La relación ad limina de 1675, pese a su brevedad, ofrece un balance estadístico muy completo de la estructura eclesiástica de la ciudad, que contaba con una población cercana a los cincuenta mil habitantes: “…divididos en veinte y dos parroquias, veinte y tres conventos de religiosos, calzados y descalzos, diez y ocho de monjas, los ocho de la obediencia del prelado, los diez de la de los regulares; dos beaterios, un recogimiento de mugeres escandalosas, un colegio o seminario de niñas; trece hospitales de enfermos, huérfanos y expósitos; tiene universidad de todas facultades, y en ella seis colegios, tres de gobierno del prelado, dos de pasantes y quatro de actuales oyentes”.

Las constituciones sinodales que rigieron la diócesis hasta el siglo XX fueron las del arzobispo Guerrero (1572), tras un concilio provincial no aprobado por Felipe II siete años antes. La diócesis de Granada contó con más de treinta prelados a lo largo de los siglos XVI, XVII y XVIII y se conformó como un destino episcopal de término, de modo que rara vez se presenta como primer destino para un prelado y son muchos los que acabaron su vida ocupando la sede granatense.

Los primeros tiempos de rodadura de la diócesis vinieron marcados por el reto pastoral de la evangelización de los mudéjares y después moriscos, en la que destacó el “santo alfaquí” fray Hernando de Talavera con sus métodos conciliadores muy avanzados, pero infructuosos, que darían paso al bautismo general de los mudéjares por inspiración de Cisneros y, un cuarto de siglo más tarde, a las medidas adoptadas sobre los moriscos por la Junta de la Capilla Real (1526). El arzobispo Gaspar de Ávalos sobresalió por su labor organizativa de la diócesis y el impulso de la enseñanza, mientras que Pedro Guerrero, a quien le tocó afrontar el episodio final de la tensión con los moriscos (Guerra de las Alpujarras), destacó por su participación en el concilio de Trento al frente de la legación española.

Pedro de Castro fue quien más se empeñó en rescatar, sobre los hallazgos fraudulentos del Sacromonte y la tradición ancestral, la antigüedad de la diócesis de Granada desde los primeros tiempos del cristianismo, revalorizando la figura de San Cecilio, por encima de San Gregorio de Elvira, que sí gozaba de constancia histórica.

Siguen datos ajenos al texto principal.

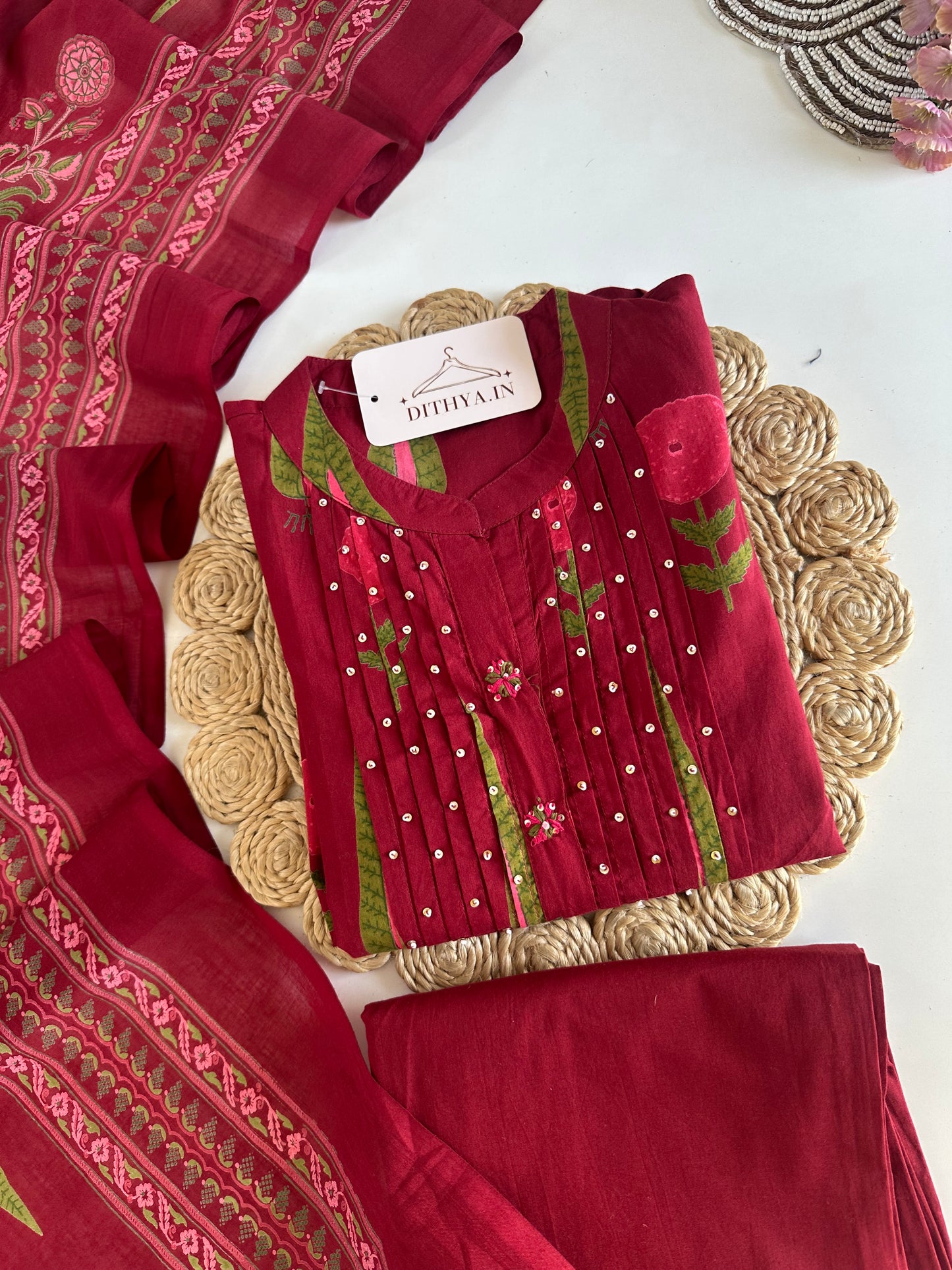 K693 - Mul cotton embroidered Aline Kurti with pants and dupatta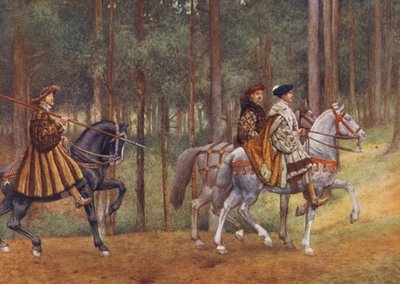 Shakespeares Köpmannen i Venedig: Bassanio och Gratiano (färglitografi) av James Dromgole Linton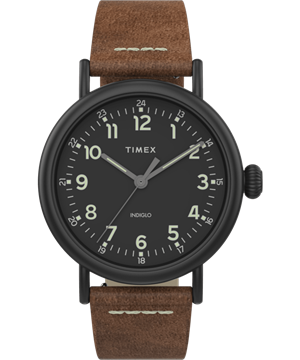 Picture of Timex Standard 40mm Leather Strap Watch - Black/Brown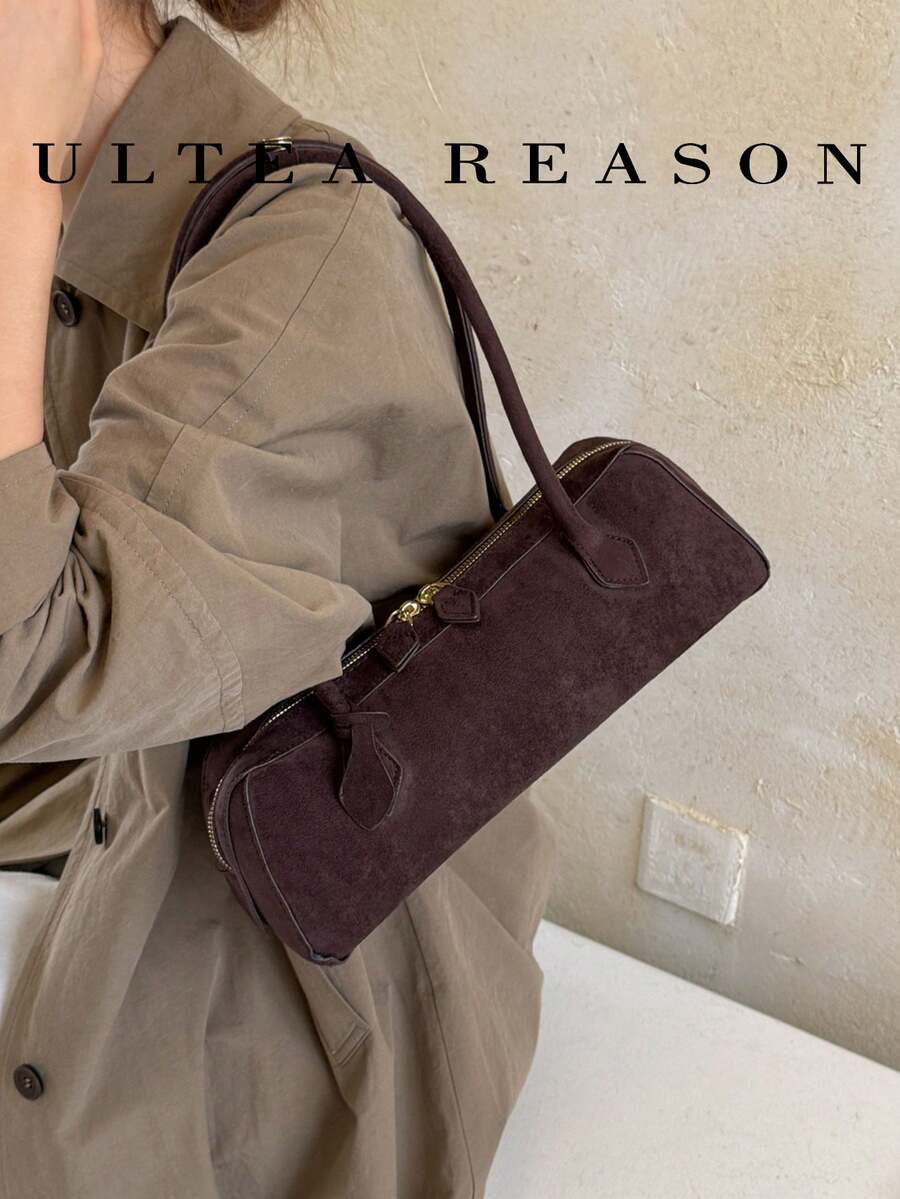 1pc Solid Color Suede New Women's Bag, Shoulder Bag, Baguette Bag, Fashion Square Handbag, Zipper Closure, Suitable For Commuting, Shopping, Dating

Se caracterizó por su férreo concepto de la dignidad episcopal y su oposición a la fundación de conventos, estrategia que cambió drásticamente su sucesor, fray Pedro González de Mendoza. El número de prelados durante el siglo XVII fue muy elevado y abundaron los arzobispos absentistas, enfrascados en altas responsabilidades al servicio de la Monarquía Hispánica. Con fray Alonso de los Ríos se vivió una intensificación de la piedad popular, sobre todo tras la peste de 1679, mientras que Martín de Ascargorta, a caballo entre dos siglos, destacó por la defensa de la mitra y el mecenazgo y esplendor artístico de la Iglesia de Granada al inicio del Setecientos.

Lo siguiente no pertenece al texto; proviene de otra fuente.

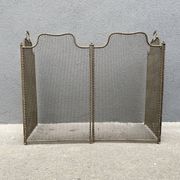 Old 19th century fireplace screen, 4-panel spark arrester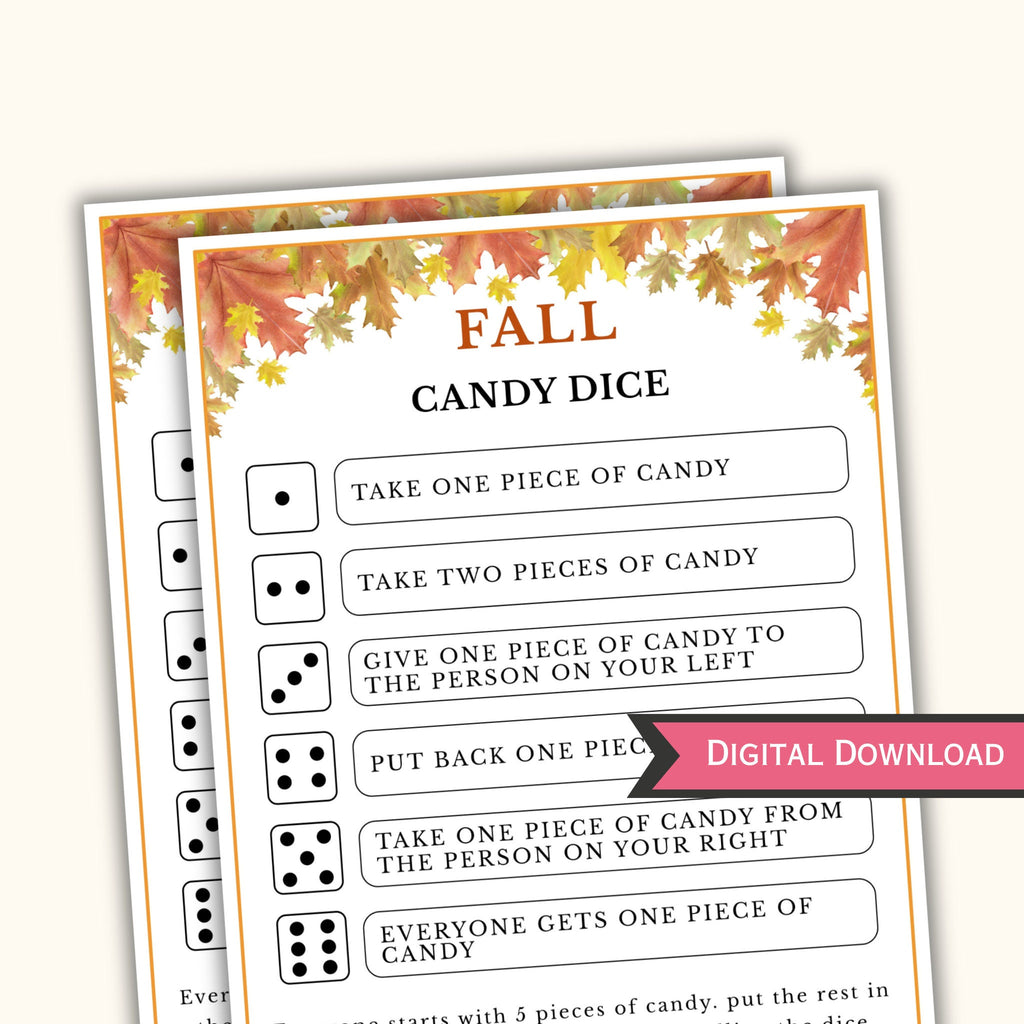 Fall Candy Dice Game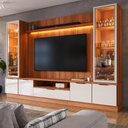 Ver imagem 1 de Estante Home Noble 270cm para Tv até 75 Polegadas com 2 Cristaleiras, Portas Reflecta e Led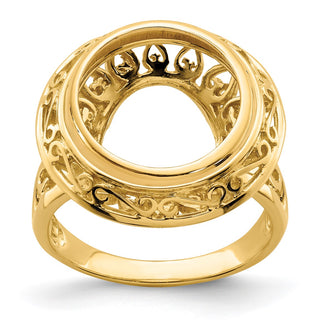 14k Gold Ladies Polished Wire Fancy Knife Edge Filigree 13.0mm Coin Bezel Ring - Fits 2 Pesos and US $1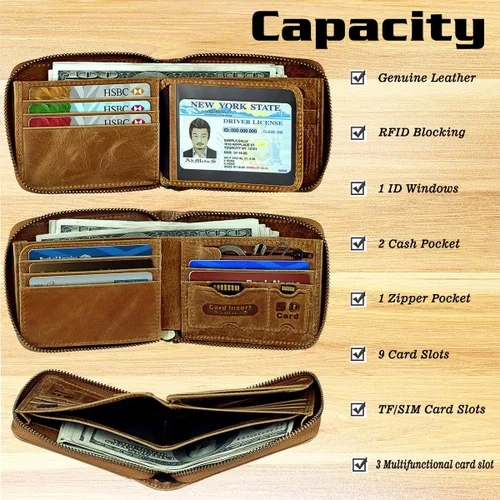 Miniatura 33 de Admetus Billeteras con bloqueo RFID para hombre, billetera de cuero con cremallera para hombres con tarjetero RFID plegable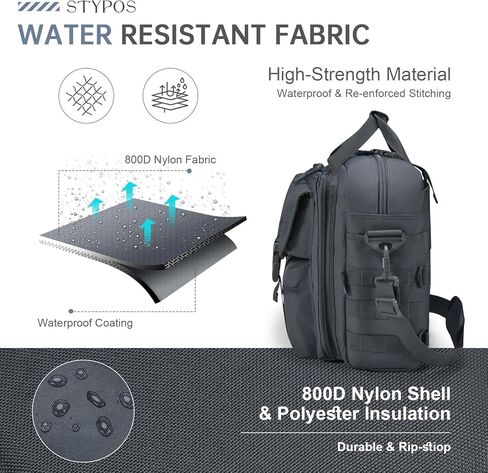 Stypos Large Tactical Laptop Bag for Men,17.3 Inch Computer Bag Briefcase with Passport Wallet, Carry on Messenger Bag in Kuwait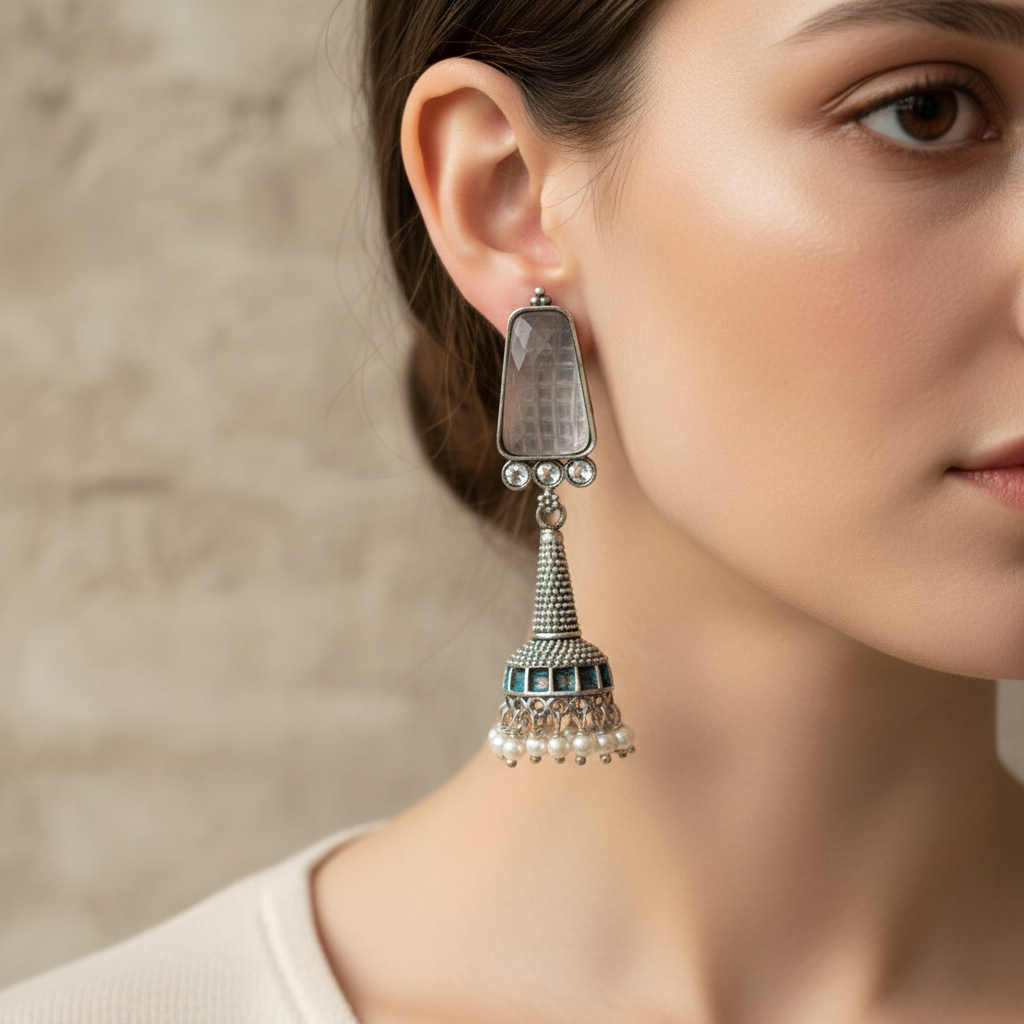 Oxidised German Silver Long Drop Jhumka Earrings with Stone Top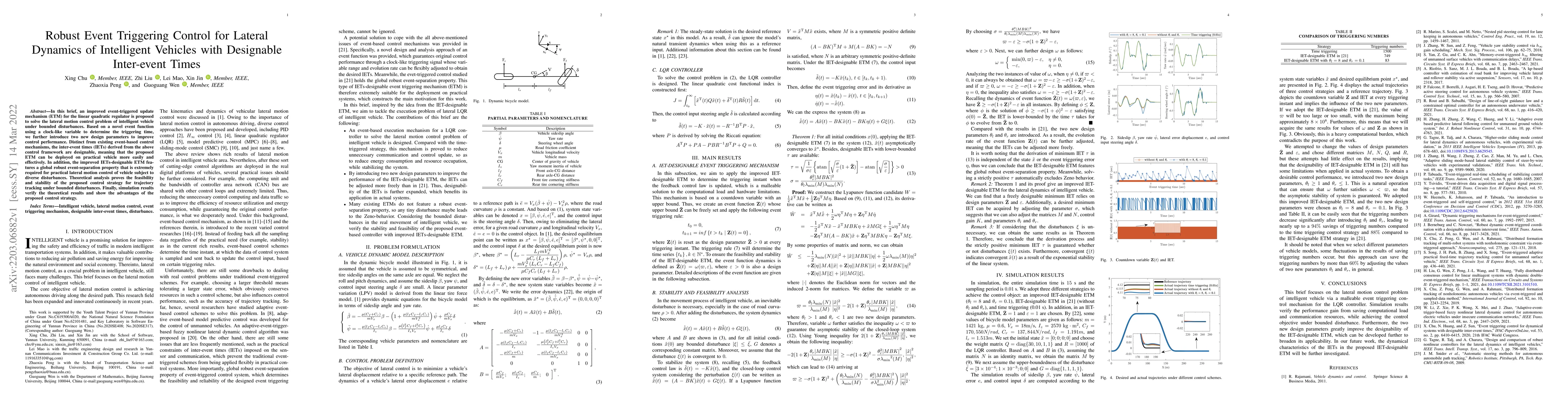 Thumbnail for Robust Event Triggering Control for Lateral Dynamics of Intelligent
  Vehicles with Designable Inter-event Times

Entre los prelados de esa centuria se fue imponiendo una creciente estrategia moral y pastoral, de tintes regalistas. Muy implicados en la administración y funcionamiento de la diócesis estuvieron Francisco de Perea o Felipe de los Tueros, mientras que Onésimo de Salamanca tuvo que sufrir la intervención regia de las finanzas diocesanas. Pedro Antonio Barroeta y Antonio Jorge y Galbán pueden considerarse, sin estar en la punta de lanza del movimiento, arzobispos afectos a la Ilustración, mientras que el indiano Juan Manuel Moscoso tuvo que sufrir los agitados tiempos de la invasión napoleónica.